Há quem diga que no Brasil não há diferenças de estações. Ainda assim, o outono se insinua no tempo mais seco, que traz belos céus azuis, e no ar mais fresco, prenúncio do recolhimento do inverno. As folhas que caem são um símbolo dessa temporada. E é de um tipo especial de folha que eu gostaria de falar –a do chá, que tão bem combina com as temperaturas mais amenas.
Segundo uma antiga lenda chinesa, essa bebida ancestral foi descoberta por acaso, justamente quando algumas folhas caíram na água fervente do imperador Shen Nong, mais de 2.700 anos antes de Cristo. Até o chá chegar às nossas xícaras, foram milênios de rituais e vaivéns pelas rotas comerciais que cruzavam continentes, disseminando o hábito.
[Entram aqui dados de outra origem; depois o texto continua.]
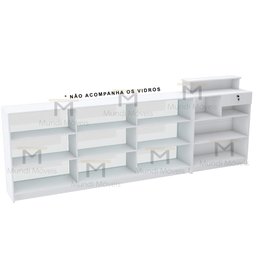 BALCÃO VITRINE COM CAIXA M468.B (EXPOSITOR, LOJA, COMÉRCIO) MUNDI MOVEIS - 4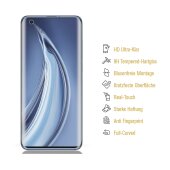 1x 9H Hartglas für Xiaomi Mi 10 FULL CURVED Displayschutz Panzerfolie Schutzfolie Panzerglas Schutzglas Displayglas Tempered Glasfolie Sicherheitsglas Echtglas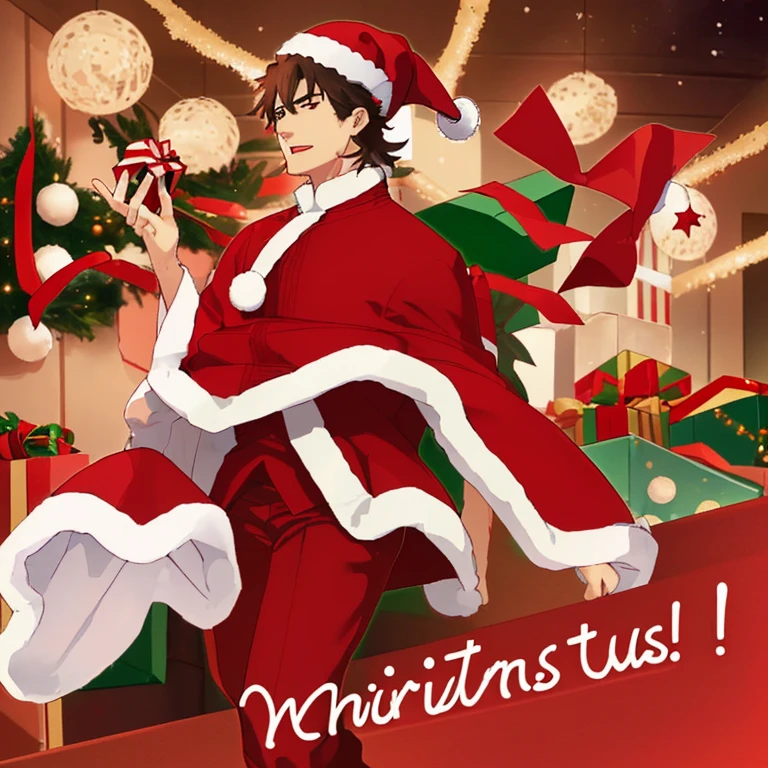 Only Kiritsugu comes to the Christmas party Santa clothes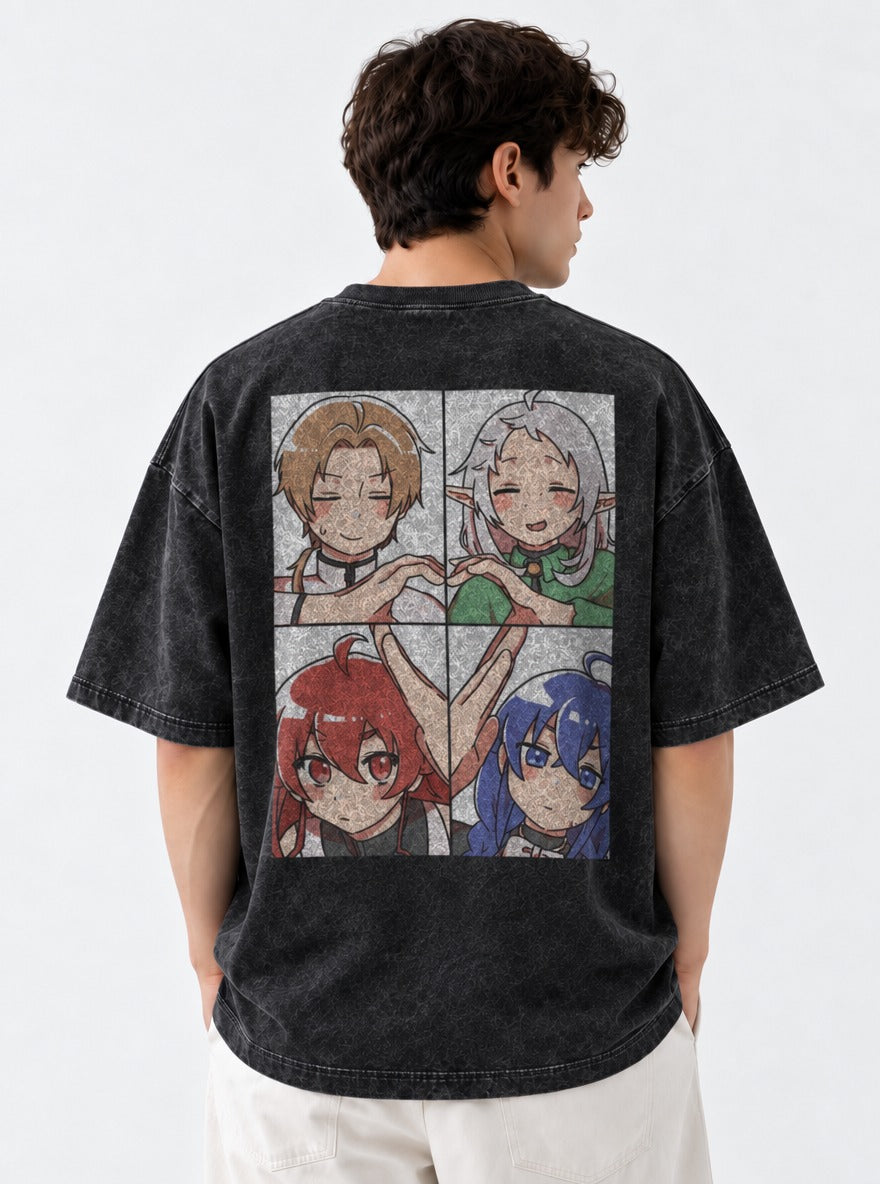 Heartbound Quartet – T-Shirt – model shot | Mushoku Tensei
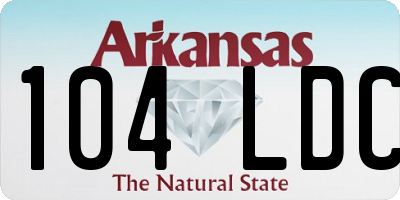 AR license plate 104LDC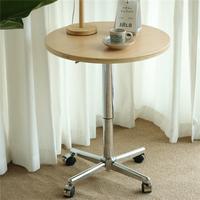 Table basse nordique en bois massif durable et moderne pour salon, salle à manger, chambre à coucher, meubles de maison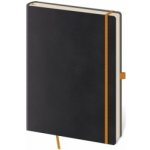 Helma 365, Tečkovaný zápisník Flexies L A5 černý (čtverečkovaný) – Zboží Živě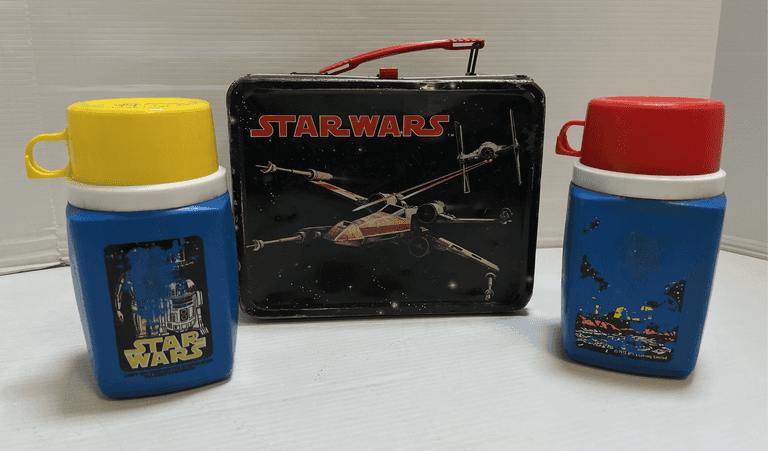 1977 Star Wars Lunch Box and (2) Thermoses by King-Seeley Thermos Co.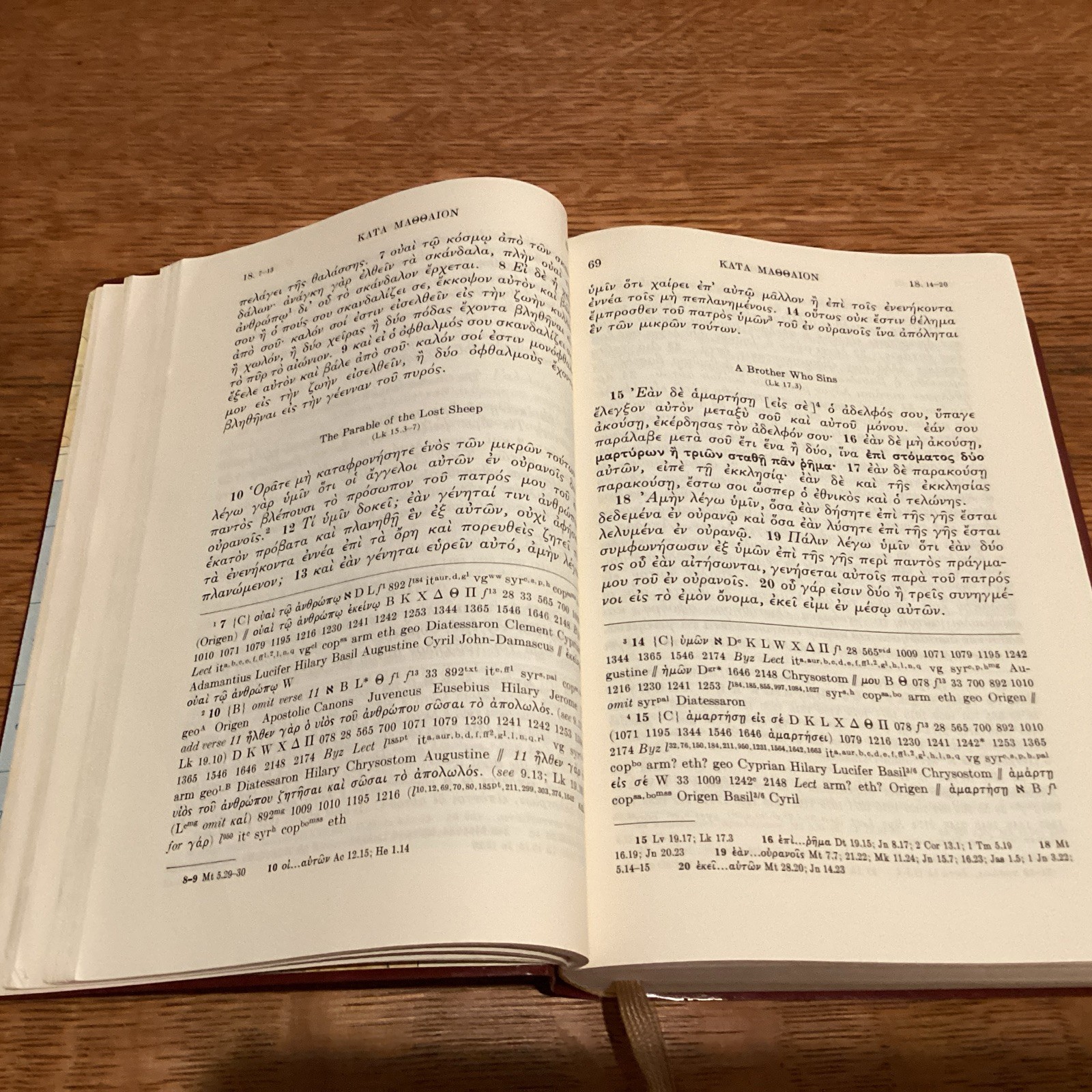 The Greek New Testament Dictionary United Bible Societies 1968 2nd Ed. Pre-owned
Hoje muitas bebidas são genericamente chamadas de “chá”, mas os puristas fazem distinção: chá, mesmo, é só a infusão das folhas da “Camellia sinensis”. Tudo o mais – camomila, erva-doce, hortelã – é “tisana”. A diferença não é apenas botânica: apenas o chá contém cafeína, embora numa concentração menor do que a do café. Por isso é, ao mesmo tempo, estimulante e relaxante. Combinação que, não por acaso, fez dele um aliado da meditação em diversas tradições orientais.
O Japão talvez tenha levado esse aspecto ao ápice na cerimônia do chá. Originalmente ligada ao zen-budismo, essa prática de preparar e servir o chá convida ao silêncio, à atenção plena e ao acolhimento do outro. Já na China, onde tudo começou, beber chá é um hábito cotidiano, mas não por isso menos cercado de significados. Há rituais próprios, gestos específicos e respeito profundo pela infusão, que oferece experiências distintas de sabor e aroma, segundo as formas de processamento da folha. É isso que distingue os diferentes chás – branco, verde, preto, oolong, entre outros.
No Brasil, a planta tradicional nunca reinou absoluta. Em vez disso, nos nossos quintais, floresceu uma arte particular. Quem nunca tomou erva-doce para acalmar, ou boldo para o enjoo? Há folhas para todo propósito: capim-santo para dormir melhor, goiabeira para a febre, camomila para a ansiedade. O “chazinho da vovó” pode não ser “chá”, mas oferece igual conforto.
Curiosamente, no tempo da Corte portuguesa o chá, aquele “verdadeiro”, até ganhou certo status por aqui. Conta-se que, no Rio de Janeiro do século 19, as damas procuravam imitar a nobreza britânica servindo chá ao final da tarde, costume trazido por Dona Carlota Joaquina. Dizem que os pretendentes eram submetidos a longas esperas para acompanhar as moças esses eventos – e daí nasceu a expressão “chá de cadeira”.
Muito além de uma herança cultural, o chá é valorizado até hoje. É a segunda bebida mais consumida no planeta, perdendo apenas para a água. Produzido sobretudo na Ásia e na África, ele mantém seu lugar não só pela tradição, mas porque nos dá o que mais buscamos no dia a dia: uma pausa.
Mesmo se nem sempre notamos a mudança das estações, há uma sabedoria em permitir que o corpo se acomode à sua passagem. Então, quando o outono sacudir as folhas das árvores, lembre-se daquelas que caíram na xícara do imperador chinês e prepare uma boa caneca de chá para acompanhar a sutileza dessa transição.